_Work required_
Only the lines from the line containing "Man Traveler with" to the end of the entries, both included, belong in your answer, and each must match exactly.

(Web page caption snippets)
┄┄┄┄┄┄┄┄┄┄┄┄┄┄┄┄┄┄┄┄
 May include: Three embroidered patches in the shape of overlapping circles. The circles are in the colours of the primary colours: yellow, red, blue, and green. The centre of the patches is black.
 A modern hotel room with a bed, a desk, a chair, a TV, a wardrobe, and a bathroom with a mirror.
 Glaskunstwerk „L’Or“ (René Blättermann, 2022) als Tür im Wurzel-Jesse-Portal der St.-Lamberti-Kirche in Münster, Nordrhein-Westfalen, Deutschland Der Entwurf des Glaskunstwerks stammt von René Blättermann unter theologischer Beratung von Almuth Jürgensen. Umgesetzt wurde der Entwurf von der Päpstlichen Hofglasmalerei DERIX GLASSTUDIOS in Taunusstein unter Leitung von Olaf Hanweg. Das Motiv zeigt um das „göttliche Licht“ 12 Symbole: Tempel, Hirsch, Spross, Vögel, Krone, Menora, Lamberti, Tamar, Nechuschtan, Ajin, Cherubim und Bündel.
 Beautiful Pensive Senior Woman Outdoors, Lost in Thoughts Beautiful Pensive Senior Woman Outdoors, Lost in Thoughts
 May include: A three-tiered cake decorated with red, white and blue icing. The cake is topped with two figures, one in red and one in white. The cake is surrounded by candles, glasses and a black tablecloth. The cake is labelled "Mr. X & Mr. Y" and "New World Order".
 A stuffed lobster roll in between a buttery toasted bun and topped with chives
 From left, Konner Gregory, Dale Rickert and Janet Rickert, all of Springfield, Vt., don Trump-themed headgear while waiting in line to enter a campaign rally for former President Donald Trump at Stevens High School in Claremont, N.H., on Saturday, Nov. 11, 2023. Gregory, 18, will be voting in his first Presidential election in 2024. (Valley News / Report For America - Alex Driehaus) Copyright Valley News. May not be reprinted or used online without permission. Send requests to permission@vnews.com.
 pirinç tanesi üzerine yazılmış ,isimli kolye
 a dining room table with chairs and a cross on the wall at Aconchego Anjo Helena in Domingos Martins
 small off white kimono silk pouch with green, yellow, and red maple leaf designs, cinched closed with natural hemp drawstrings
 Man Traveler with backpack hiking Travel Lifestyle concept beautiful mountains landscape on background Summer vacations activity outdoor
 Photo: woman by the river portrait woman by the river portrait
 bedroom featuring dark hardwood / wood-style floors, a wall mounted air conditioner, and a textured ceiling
┄┄┄┄┄┄┄┄┄┄┄┄┄┄┄┄┄┄┄┄
_Reply to the task_
 Man Traveler with backpack hiking Travel Lifestyle concept beautiful mountains landscape on background Summer vacations activity outdoor
 Photo: woman by the river portrait woman by the river portrait
 bedroom featuring dark hardwood / wood-style floors, a wall mounted air conditioner, and a textured ceiling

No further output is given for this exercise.